Den Echo-Klassik in der Kategorie „Lied-einspielung des Jahres“ erhielt
nicht Anna Netrebko, sondern die Sopranistin Christine Schäfer
aus den Händen ihrer Klavierbegleiterin Hélène
Grimaud. Beide waren in diesem Jahr bereits gemeinsam mit Schumanns
Liederzyklus „Dichterliebe“ bei den Salzburger Festspielen
zu erleben. Außergewöhnlich das Repertoire der Sopranistin
für diese CD-Einspielung bei Capriccio: Aribert Reimanns Mendelssohn-Lied-Transkriptionen „...oder
soll es Tod bedeuten?“. Es handelt sich um acht Lieder und
ein Fragment von Felix Mendelssohn Bartholdy nach Gedichten von
Heinrich Heine für Sopran und Streichquartett bearbeitet und
verbunden mit sechs Intermezzi von Aribert Reimann.

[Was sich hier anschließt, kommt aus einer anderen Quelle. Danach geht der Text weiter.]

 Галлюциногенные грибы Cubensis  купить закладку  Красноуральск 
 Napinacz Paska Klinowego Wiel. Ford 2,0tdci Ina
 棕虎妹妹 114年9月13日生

Doch die Freude über diesen Erfolg des Zeitgenössischen
beim Echo-Klassik wich schnell der Ernüchterung: Häppchen-Zeitgenössisches
war angesagt. Fauxpas Nummer eins: Komponist Aribert Reimann war
nicht zur Verleihung eingeladen worden. Vielleicht sogar ein Glücksfall,
denn – und das war Fauxpas Nummer zwei – bei der Fernsehübertragung
der Lied-Transkription von Mendelssohns „Auf Flügeln
des Gesangs“ fehlte gleich das zugehörige ReimannVorspiel.

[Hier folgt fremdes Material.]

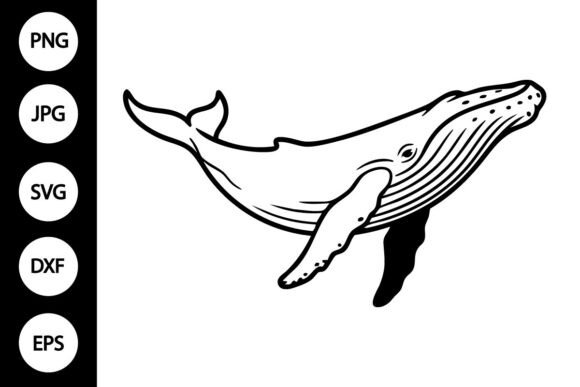 Whale Outline SVG: Graphics for Crafts & Content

Ob das den Komponisten gefreut hätte? Werktreue und Klassik-Echo
sind scheinbar nicht kompatibel. Sollen wir doch froh sein, dass
Neue Musik bei einem Event, den 2,15 Millionen Zuseher an ihren
Fernsehapparaten verfolgen, wenigstens in Häppchen gespielt
wird? Erinnern wir uns wieder an den Musikwissenschaftler mit der
postmodernen Haartolle: „Sonst könnte der Laden dichtmachen.“
An dieser Stelle des Nachschlags bietet sich eine günstige
Gelegenheit, den Deutschen Musikrat wieder einmal ins Spiel zu
bringen. Der widmete am 19. und 20. Oktober seine Mitgliederversammlung
in Berlin dem Star unter den Tagungsthemen, der Kulturwirtschaft.

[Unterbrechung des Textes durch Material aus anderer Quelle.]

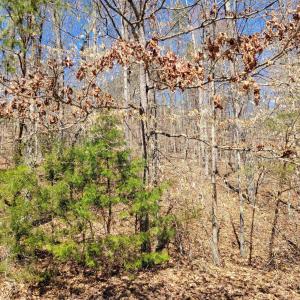 Photo #4 of MERRY OAKS LN, PALMYRA, VA 10.3 acres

Im Berliner Abgeordnetenhaus sprach Präsidiumsmitglied Dieter
Gorny vor dem Musikratsplenum von globalökonomischen Konfrontationen:
neue Wirtschaftsmächte erobern den Weltmarkt – den klassischen
Industrienationen bleibt nur noch ein letzter Rohstoff – es
ist der wertvollste: die Kreativität. Gorny mahnte: „Hier – im
Musikrat – sind die Kreativen.“ Sinngemäß:
Der Musikrat müsse sich jetzt melden bei der Politik, sonst
könne man den Laden dichtmachen.
Dass Kunst und Musik möglicherweise Dinge sind, die sich auch
außerhalb messbarer CD- und Download-Umsätze bewegen,
nicht quantifizierbar in GEMA- oder GVL-Ausschüttungen, das
spielte an diesem Wochenende keine Rolle. Ein Antrag, die Mitgliederversammlung
zukünftig auf ein anderes Herbstwochenende zu verschieben,
damit man nächstes Jahr auch die Vertreter der Neuen Musik
zu Gast hat und zudem nach Donaueschingen fahren kann, wurde mit
knapper Mehrheit abgelehnt. Man könne die Mitgliederversammlung
nicht wegen eines Festivals verschieben.
Neue Musik innerhalb der Kulturwirtschaft – muss man den
Laden wirklich dichtmachen? Dazu noch ein Zitat aus einem Interview
dieser Zeitung mit Wolfgang Rihm (Seite 8) über das Förderprogramm „Konzerte
des Deutschen Musikrates“. Auf die Frage welche Rolle die
allgemeine ökonomische Ausgangssituation für das Entstehen
interessanter Initiativen im Konzertleben spiele, antwortet er: „Je
weniger Geld es gibt, umso weniger haben sowieso schon mutlose
Veranstalter Mut, ihre Mittelwege zu verlassen. Die Mutigen aber
sind ohnehin stets an neuen Wegen interessiert. Was ich sagen will: Ökonomie
hin oder her, es sind immer Individuen, die etwas ermöglichen
oder eben nicht.“
Und Menschen sind es auch, die Kulturpolitik machen. In Deutschland
treffen Positionen eines neoliberalen Ökonomismus auf eine
kulturpolitische Auffassung, die Kunst und Kultur als wertsetzende
und sinnvermittelnde Sphäre jenseits des Markthandelns versteht.
Angesichts dynamischer Entwicklungen der Kulturwirtschaft, veränderten
Konsumentenverhaltens und fortwährender Finanzierungsschwierigkeiten
der öffentlichen Hand muss Kulturpolitik nach neuen Antworten
und Strategien für ihre eigene Zukunft suchen. Klingt doch
vernünftiger als „den Laden dichtmachen“. Oder?